O áudio, revelado pelo The Intercept Brasil na quarta-feira, mostra o senador demonstrando preocupação com atrasos nos pagamentos relacionados ao filme “Dark Horse”, produção que retrata a campanha presidencial de Bolsonaro em 2018.
Na gravação, Flávio cita a necessidade de honrar compromissos financeiros financeiros com membros da equipe do longa, como o ator Jim Caviezel e o diretor Cyrus Nowrasteh .
Após a divulgação da reportagem, a cúpula da pré-campanha de Flávio realizou uma reunião de emergência para discutir os impactos políticos do caso e definir estratégias de incidentes. Participaram do encontro o presidente do PL, Valdemar Costa Neto , o senador Rogério Marinho (PL-RN) e a advogada Maria Claudia Bucchianeri , integrante da equipe jurídica do senador.
A reunião foi convocada logo após a publicação da reportagem e teve como foco calibrar o tom da resposta pública e avaliar possíveis danos à construção da candidatura presidencial de Flávio.
O episódio gerou desconforto nos bastidores, já que, nas últimas semanas, Flávio vinha afirmando aos aliados que não mantinha a próxima relação com Vorcaro e que seu envolvimento com o banqueiro era apenas superficial.

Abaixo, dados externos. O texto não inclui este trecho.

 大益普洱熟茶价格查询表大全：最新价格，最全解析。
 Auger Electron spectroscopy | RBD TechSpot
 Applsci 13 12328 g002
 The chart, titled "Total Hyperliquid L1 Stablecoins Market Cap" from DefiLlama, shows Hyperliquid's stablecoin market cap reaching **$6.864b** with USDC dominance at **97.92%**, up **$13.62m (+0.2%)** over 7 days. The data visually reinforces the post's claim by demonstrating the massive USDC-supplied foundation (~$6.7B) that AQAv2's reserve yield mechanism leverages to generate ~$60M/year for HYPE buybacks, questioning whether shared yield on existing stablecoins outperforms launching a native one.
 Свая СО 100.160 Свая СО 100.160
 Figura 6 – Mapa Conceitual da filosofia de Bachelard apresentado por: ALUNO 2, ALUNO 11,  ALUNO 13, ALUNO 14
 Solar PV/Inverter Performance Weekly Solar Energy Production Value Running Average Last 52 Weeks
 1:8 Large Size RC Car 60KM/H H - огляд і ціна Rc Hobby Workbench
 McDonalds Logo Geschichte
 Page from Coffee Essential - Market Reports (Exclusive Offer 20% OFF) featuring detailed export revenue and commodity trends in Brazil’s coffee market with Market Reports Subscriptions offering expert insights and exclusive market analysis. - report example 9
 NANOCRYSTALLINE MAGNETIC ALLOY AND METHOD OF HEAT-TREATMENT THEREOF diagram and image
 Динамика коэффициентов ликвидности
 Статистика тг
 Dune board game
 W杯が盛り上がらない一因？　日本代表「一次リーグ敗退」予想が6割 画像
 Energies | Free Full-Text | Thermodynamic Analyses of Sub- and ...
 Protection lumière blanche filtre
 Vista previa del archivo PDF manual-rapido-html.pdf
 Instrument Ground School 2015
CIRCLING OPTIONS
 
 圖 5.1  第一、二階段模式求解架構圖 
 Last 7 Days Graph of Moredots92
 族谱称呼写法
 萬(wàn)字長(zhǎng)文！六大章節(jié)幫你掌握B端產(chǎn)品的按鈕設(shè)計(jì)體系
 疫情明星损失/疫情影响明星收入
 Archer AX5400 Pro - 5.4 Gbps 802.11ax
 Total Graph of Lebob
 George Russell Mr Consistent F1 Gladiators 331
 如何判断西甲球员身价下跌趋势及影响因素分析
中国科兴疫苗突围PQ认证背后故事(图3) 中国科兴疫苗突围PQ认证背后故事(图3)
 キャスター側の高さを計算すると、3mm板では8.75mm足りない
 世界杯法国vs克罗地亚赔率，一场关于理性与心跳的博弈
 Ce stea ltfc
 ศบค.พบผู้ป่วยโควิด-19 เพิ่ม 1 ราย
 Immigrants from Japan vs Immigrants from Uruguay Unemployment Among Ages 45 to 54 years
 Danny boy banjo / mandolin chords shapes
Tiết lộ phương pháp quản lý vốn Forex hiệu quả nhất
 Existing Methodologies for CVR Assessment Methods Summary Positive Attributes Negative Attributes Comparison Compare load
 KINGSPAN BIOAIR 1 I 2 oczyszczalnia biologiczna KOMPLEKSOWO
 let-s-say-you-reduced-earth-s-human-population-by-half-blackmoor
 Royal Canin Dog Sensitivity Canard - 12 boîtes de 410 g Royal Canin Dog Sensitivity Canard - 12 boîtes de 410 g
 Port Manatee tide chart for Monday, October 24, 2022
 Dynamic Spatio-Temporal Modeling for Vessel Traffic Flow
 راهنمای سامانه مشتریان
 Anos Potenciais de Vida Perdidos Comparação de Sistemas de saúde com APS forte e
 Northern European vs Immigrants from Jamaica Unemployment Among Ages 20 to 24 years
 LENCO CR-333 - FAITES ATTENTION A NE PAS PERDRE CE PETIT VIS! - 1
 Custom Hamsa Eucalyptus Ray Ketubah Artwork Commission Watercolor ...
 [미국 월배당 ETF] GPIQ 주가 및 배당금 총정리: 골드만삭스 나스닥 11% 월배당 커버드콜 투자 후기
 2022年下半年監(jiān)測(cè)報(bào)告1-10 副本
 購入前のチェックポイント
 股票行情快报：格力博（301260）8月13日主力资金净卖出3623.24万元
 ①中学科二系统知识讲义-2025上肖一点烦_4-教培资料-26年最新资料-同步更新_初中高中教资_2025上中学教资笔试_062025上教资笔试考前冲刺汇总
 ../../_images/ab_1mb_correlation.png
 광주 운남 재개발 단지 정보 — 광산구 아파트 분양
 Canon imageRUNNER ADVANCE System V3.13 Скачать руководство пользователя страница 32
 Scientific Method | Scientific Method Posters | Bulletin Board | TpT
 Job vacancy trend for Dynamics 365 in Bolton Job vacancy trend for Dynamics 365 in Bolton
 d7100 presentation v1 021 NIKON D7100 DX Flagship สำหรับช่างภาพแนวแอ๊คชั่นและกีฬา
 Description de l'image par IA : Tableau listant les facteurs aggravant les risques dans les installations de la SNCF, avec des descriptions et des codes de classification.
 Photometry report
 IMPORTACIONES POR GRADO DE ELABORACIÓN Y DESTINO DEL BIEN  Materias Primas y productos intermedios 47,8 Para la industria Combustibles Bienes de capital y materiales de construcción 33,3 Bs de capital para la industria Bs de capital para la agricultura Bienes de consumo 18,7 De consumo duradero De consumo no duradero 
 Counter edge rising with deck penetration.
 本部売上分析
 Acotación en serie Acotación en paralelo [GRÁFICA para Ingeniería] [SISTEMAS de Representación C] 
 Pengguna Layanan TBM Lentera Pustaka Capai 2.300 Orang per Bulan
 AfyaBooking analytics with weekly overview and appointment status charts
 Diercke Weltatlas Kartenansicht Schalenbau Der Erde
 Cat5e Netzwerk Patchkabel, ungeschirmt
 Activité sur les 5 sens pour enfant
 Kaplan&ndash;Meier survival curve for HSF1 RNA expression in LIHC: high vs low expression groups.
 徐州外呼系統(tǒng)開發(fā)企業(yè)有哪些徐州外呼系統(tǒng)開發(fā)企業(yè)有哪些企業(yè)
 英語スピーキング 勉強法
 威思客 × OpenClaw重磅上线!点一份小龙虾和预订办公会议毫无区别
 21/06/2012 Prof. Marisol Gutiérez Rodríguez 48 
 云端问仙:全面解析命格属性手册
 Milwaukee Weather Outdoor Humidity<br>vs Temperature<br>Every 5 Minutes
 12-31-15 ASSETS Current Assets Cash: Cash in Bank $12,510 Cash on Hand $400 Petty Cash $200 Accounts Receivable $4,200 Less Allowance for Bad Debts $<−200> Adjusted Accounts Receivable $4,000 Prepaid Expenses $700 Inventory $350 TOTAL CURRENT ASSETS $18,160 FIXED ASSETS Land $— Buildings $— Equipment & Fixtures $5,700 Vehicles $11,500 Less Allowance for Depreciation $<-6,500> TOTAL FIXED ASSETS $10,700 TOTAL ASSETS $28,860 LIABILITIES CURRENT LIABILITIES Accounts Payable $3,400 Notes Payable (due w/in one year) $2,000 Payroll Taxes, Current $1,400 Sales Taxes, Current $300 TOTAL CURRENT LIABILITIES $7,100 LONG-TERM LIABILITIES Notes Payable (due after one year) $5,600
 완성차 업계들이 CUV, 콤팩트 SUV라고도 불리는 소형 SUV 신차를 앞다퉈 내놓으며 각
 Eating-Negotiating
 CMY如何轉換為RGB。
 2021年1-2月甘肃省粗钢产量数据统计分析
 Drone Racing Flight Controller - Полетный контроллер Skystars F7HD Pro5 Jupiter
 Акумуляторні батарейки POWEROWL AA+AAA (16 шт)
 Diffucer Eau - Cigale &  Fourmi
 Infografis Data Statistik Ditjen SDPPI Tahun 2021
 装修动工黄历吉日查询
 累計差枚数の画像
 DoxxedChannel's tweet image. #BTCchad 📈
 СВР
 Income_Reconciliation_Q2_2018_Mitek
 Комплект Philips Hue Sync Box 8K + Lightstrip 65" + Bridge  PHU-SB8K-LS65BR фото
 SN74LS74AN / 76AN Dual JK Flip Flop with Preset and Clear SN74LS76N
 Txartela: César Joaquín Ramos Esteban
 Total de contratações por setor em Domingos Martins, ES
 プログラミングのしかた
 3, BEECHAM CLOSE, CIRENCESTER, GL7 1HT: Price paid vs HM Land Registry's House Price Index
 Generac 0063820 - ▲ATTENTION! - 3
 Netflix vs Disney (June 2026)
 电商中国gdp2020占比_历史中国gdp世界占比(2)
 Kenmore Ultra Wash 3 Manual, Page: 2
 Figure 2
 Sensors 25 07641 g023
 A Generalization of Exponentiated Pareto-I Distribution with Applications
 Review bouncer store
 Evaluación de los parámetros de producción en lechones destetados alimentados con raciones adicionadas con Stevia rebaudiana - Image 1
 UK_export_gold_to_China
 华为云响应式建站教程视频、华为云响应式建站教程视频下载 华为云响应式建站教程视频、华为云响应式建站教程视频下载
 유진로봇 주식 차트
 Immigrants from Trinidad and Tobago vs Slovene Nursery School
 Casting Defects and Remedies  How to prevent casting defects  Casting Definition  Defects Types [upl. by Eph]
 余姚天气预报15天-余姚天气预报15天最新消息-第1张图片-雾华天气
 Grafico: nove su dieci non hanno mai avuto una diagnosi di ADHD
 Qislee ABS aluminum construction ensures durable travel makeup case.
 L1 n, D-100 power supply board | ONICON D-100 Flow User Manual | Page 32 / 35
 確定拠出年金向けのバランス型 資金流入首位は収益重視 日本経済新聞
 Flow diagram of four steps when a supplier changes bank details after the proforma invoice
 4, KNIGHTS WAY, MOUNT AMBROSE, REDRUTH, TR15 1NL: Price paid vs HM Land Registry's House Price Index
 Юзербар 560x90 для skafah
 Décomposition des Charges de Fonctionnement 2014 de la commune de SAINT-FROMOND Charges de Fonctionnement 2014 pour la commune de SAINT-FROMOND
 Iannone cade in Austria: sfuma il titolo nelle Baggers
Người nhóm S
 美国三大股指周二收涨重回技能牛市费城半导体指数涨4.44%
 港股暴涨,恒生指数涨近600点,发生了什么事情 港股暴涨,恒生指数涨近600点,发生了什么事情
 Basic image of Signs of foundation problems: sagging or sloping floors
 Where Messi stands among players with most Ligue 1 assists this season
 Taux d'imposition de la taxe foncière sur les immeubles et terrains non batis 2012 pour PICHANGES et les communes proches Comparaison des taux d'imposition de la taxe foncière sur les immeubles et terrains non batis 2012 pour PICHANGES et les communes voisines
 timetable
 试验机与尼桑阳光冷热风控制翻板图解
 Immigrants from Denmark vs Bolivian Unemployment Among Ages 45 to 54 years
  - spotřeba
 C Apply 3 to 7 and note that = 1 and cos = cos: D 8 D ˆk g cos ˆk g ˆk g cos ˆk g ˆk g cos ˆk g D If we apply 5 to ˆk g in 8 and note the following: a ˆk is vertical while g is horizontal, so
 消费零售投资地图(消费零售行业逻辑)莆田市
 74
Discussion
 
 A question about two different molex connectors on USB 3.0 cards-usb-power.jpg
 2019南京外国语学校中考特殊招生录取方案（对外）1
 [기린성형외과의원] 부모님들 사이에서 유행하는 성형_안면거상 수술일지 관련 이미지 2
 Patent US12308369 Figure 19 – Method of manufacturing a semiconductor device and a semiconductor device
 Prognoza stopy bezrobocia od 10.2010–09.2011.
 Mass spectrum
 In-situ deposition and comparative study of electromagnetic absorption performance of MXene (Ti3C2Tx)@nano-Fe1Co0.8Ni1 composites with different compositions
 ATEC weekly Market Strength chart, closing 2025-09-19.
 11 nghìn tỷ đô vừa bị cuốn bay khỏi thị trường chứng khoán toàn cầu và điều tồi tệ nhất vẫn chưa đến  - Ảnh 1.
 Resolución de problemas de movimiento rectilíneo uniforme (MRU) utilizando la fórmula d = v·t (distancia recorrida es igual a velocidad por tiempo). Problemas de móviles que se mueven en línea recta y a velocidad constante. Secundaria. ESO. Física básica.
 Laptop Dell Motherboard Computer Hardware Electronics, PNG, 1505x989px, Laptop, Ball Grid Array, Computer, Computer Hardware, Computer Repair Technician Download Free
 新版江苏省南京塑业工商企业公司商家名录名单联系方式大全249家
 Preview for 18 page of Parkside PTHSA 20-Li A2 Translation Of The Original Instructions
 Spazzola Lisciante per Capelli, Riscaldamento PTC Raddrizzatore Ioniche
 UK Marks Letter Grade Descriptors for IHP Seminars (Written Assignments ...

A divulgação do áudio passou a ser vista dentro da própria campanha como um fator que dificulta esse discurso.
Em nota, Flávio afirmou que buscou “patrocínio privado para um filme privado” e negou qualquer irregularidade na relação com Vorcaro. Segundo o senador, ele conheceu o banqueiro apenas em dezembro de 2024, quando “não existiam acusações nem suspeitas públicas” sobre o empresário.
Flávio também declarou que não ofereceu vantagens em troca de apoio financeiro, nem intermediou negócios junto ao poder público. "Não ofereci vantagens em troca. Não promovi encontros privados fora da agenda. Não intermediei negócios com o governo. Não recebi dinheiro ou qualquer vantagem", afirmou.
Na mesma nota, o senador tentou deslocar o foco do episódio para o governo de Luiz Inácio Lula da Silva (PT) e reforçou a defesa da criação de uma Comissão Parlamentar de Inquérito (CPI) para investigar o Banco Master. "Isso é muito diferente das relações espúrias do governo Lula e seus representantes com Vorcaro. Por isso, reitero: CPI do MASTER JÁ", declarou.
No campo governamental, aliados de Lula passaram a explorar o episódio em discursos e publicações nas redes sociais. Os parlamentares da base avaliaram, nos bastidores, que o caso reforça a estratégia de comunicação que busca associar o bolsonarismo ao Banco Master, numa explosão apelidada entre governantes do “Bolso Master”.
Nessa mesma linha, aliados do Planalto também defendem a instalação de uma comissão investigativa no Congresso para apurar o escândalo do Mestre. No entanto, confirmam que as hipóteses de avanço são reduzidas, repetindo o que ocorreu com outras tentativas anteriores.